If pots don’t have drainage, roots will also rot, Coy said.
You have to decide what material you want and whether you need a drainage hole or if you will use the pot as a decorative outer covering.
Bazik likes terra cotta, as the store name SarahCotta suggests. (The store’s co-owner, Bazik’s wife, is named Sarah.) Terra cotta pots are porous and most have drainage holes.
However, many decorative pots do not have drainage holes. But that doesn’t have to be a disadvantage if you keep the plant in its original plastic container and use the decorative container as a cachepot.
“If you decide to rearrange or redecorate a little bit, you can just pop it out of one and into another one,” said Bazik.
Some experts say some pots are better for certain kinds of plants. For example, cactuses do better in dryer soil, so a terra-cotta pot with a drainage hole would be a better choice than a ceramic pot that retains water.
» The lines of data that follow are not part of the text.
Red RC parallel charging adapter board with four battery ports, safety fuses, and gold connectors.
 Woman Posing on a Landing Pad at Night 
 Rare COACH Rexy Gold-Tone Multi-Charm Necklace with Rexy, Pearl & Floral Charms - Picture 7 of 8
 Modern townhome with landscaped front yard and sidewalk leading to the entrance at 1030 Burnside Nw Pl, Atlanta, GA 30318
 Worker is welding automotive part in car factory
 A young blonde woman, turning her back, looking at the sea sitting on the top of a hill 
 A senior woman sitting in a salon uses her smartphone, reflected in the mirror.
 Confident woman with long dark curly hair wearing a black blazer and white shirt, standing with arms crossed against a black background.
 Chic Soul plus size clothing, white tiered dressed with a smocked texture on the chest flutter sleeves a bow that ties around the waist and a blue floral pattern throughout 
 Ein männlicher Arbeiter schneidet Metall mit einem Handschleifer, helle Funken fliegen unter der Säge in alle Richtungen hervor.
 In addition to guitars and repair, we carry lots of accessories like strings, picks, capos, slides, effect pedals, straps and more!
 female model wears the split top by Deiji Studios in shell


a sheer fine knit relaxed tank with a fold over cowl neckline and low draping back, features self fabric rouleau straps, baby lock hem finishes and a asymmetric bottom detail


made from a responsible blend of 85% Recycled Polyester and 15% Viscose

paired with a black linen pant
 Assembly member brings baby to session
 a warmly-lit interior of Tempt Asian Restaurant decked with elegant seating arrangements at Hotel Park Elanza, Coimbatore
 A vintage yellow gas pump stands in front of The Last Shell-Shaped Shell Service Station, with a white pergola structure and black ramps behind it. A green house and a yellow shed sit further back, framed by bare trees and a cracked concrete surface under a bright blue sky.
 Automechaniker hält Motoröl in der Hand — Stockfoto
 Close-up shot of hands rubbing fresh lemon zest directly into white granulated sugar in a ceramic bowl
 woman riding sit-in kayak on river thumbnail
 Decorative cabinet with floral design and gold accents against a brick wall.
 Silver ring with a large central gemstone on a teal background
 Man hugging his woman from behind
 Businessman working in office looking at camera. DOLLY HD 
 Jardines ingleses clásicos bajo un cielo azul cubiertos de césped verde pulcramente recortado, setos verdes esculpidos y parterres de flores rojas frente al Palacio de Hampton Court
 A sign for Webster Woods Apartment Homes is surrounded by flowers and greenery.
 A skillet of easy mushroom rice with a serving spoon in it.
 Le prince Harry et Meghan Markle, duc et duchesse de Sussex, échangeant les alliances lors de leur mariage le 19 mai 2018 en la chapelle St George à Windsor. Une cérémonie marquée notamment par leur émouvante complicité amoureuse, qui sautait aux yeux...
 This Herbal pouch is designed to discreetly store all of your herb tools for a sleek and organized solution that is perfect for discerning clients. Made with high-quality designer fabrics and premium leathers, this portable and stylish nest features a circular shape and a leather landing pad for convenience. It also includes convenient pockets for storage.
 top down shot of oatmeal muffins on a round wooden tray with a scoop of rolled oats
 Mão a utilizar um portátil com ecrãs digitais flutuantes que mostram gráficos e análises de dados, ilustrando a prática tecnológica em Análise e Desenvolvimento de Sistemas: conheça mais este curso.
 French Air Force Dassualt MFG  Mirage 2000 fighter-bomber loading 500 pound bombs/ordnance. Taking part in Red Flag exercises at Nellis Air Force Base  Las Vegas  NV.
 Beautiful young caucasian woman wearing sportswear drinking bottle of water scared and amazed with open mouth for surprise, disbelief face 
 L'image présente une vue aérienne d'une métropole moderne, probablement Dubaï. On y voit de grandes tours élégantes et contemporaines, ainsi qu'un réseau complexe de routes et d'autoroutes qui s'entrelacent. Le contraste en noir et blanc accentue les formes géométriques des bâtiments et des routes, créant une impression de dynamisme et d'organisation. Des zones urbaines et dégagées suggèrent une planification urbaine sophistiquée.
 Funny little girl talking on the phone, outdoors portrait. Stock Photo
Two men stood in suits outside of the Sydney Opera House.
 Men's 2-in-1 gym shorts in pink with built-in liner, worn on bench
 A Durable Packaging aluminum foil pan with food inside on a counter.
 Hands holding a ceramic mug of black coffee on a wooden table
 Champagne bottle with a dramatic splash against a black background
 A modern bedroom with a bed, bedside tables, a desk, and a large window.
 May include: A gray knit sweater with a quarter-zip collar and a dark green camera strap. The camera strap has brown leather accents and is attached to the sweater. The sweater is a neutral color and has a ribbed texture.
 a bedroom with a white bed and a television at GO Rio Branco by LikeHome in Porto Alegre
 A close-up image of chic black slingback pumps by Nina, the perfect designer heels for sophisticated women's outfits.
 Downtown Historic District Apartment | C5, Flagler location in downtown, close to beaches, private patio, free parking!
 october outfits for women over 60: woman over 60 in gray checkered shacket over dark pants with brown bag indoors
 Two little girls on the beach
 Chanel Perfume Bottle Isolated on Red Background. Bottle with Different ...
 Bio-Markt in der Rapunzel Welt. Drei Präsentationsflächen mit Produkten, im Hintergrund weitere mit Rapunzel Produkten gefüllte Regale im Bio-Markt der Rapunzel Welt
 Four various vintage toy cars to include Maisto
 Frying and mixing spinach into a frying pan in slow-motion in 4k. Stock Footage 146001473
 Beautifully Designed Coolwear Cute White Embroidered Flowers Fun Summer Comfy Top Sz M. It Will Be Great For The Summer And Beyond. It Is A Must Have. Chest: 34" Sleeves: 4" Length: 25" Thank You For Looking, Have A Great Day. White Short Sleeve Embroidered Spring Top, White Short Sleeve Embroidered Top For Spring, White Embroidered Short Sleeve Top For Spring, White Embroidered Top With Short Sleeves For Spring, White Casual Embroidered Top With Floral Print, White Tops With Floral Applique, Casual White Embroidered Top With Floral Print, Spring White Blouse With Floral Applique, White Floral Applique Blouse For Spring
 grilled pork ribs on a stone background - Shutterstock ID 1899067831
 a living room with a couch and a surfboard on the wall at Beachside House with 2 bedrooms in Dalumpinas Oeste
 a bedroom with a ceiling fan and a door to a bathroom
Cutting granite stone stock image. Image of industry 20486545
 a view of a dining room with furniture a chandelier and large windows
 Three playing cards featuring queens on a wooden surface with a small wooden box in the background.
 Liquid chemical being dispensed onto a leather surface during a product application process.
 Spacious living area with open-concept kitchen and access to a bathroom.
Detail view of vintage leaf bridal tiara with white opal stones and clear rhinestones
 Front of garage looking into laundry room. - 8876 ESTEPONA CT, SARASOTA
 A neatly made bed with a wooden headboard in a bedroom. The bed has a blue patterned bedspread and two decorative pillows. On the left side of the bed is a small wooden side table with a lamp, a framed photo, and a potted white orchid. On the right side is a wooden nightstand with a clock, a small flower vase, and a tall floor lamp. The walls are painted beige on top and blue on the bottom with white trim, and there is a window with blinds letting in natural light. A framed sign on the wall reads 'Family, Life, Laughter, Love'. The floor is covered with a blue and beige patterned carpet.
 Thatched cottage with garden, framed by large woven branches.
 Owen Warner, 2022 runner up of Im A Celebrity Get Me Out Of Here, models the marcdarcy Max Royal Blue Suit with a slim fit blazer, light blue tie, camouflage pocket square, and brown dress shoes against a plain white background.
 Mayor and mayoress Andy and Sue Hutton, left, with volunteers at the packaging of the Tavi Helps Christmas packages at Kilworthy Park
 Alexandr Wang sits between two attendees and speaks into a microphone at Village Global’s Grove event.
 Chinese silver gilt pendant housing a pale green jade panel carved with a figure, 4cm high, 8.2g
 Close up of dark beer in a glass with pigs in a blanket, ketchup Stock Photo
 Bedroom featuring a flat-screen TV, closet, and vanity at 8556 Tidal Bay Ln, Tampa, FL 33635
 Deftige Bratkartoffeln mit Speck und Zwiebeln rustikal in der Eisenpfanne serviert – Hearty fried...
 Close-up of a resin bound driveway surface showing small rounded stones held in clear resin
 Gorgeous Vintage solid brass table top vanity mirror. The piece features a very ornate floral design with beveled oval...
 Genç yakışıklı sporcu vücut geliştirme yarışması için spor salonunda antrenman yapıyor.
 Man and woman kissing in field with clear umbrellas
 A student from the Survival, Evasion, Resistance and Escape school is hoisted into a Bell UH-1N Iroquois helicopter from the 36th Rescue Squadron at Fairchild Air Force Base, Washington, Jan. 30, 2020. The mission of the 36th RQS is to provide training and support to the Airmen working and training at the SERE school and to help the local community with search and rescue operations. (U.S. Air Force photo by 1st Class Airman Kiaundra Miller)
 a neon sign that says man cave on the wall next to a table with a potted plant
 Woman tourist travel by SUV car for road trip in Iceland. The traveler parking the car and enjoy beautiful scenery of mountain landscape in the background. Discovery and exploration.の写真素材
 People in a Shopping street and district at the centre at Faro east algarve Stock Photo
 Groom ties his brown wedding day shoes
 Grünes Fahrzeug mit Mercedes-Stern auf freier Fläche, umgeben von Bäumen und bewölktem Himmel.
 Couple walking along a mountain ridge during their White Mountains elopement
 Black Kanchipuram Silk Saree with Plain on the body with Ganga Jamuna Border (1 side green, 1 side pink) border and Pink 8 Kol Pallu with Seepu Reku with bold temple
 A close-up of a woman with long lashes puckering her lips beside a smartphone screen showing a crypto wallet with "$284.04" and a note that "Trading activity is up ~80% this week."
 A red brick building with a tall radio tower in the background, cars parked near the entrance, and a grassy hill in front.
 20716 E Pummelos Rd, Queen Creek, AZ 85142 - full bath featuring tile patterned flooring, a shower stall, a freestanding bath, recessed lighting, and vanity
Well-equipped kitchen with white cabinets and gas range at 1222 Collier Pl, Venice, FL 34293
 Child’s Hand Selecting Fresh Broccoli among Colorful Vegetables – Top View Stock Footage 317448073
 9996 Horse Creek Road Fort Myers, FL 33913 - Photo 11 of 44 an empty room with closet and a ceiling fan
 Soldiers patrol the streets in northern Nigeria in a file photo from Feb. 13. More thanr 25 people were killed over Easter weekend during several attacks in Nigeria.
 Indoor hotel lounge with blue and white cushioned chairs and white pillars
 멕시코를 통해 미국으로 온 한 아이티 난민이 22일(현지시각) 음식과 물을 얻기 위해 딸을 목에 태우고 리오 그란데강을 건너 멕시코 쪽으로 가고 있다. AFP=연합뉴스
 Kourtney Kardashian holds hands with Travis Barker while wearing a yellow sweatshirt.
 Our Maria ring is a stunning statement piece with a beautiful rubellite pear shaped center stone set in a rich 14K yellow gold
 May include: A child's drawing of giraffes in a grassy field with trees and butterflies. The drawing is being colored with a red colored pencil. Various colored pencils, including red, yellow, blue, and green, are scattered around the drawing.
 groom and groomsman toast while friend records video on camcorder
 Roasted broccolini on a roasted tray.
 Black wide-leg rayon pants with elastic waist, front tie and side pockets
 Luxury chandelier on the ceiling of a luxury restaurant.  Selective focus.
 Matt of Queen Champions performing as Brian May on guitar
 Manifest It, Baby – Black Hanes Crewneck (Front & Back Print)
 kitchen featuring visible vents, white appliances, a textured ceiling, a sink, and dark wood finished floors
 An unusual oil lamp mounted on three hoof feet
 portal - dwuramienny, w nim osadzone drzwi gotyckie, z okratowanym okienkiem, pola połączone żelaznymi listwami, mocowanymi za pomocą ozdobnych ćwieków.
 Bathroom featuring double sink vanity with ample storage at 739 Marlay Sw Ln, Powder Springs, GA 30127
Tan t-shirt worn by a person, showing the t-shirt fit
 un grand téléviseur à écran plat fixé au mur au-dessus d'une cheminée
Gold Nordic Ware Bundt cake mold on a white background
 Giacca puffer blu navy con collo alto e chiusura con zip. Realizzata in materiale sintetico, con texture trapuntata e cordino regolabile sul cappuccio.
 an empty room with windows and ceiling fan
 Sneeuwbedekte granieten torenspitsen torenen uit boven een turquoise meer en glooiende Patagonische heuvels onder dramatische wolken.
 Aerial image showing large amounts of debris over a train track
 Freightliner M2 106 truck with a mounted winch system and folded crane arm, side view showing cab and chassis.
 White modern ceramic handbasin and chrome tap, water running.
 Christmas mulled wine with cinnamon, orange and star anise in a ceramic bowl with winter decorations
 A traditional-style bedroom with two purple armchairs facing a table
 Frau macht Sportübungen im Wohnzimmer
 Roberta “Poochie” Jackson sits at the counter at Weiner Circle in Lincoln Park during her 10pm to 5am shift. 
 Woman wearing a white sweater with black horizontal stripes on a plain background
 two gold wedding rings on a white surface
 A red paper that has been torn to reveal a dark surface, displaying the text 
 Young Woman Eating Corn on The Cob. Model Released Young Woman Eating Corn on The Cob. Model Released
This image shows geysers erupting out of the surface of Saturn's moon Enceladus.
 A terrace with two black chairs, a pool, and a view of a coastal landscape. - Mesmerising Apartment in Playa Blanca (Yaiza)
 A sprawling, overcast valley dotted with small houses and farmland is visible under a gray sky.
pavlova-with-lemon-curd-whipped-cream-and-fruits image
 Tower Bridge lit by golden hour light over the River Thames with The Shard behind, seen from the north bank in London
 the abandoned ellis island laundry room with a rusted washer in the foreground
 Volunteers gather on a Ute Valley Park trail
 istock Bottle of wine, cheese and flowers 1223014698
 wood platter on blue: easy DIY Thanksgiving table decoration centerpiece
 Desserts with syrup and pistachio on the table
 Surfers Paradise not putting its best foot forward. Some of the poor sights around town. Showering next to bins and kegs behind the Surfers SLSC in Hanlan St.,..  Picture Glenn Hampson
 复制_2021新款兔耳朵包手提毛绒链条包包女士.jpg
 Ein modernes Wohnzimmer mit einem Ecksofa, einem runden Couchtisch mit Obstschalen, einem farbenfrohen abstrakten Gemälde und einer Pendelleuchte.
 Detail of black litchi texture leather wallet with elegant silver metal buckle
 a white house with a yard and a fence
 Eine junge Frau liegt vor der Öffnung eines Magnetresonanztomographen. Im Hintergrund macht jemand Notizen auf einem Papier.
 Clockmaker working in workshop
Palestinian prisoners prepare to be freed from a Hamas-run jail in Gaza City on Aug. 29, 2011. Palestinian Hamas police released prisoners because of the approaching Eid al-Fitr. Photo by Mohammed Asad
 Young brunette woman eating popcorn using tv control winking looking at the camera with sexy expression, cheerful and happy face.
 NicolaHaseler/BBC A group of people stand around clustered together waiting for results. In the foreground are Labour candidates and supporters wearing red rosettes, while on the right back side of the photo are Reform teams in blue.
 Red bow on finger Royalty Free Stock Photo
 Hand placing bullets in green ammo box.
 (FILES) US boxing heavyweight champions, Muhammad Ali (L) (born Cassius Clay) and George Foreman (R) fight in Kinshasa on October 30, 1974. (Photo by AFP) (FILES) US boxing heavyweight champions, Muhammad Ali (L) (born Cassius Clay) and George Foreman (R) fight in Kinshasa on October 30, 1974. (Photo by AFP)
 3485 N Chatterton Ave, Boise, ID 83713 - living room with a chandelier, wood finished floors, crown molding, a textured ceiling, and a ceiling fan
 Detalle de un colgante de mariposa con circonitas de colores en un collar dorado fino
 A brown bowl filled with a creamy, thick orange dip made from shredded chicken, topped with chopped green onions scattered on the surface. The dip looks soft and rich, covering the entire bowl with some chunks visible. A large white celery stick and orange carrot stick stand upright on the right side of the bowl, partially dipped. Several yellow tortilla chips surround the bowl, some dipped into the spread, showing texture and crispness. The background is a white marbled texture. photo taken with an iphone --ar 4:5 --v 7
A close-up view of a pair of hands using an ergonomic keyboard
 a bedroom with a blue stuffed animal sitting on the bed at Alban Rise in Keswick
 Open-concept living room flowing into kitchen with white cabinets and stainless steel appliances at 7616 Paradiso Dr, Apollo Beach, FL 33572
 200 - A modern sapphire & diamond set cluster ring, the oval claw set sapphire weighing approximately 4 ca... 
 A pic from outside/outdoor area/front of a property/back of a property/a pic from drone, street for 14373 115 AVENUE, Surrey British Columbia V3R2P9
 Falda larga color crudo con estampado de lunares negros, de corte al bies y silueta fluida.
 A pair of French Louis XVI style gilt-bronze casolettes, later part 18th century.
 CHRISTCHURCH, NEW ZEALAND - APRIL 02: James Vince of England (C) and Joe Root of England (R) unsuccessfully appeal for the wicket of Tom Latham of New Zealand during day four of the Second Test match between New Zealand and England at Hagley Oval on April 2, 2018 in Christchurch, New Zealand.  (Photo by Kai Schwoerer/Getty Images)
But Bazik said people don’t need to be that concerned with matching plant to container.
“As you see, as they come from the nursery, they’re all in the same thing.”
An exception would be certain exotic plants with exposed roots. They require net pots, which have holes on the sides and are used in hydroponic gardening, which is growing plants with nutritious water instead of soil.
“They need something that will drain, that will let the roots dry and get a break between waterings,” he said.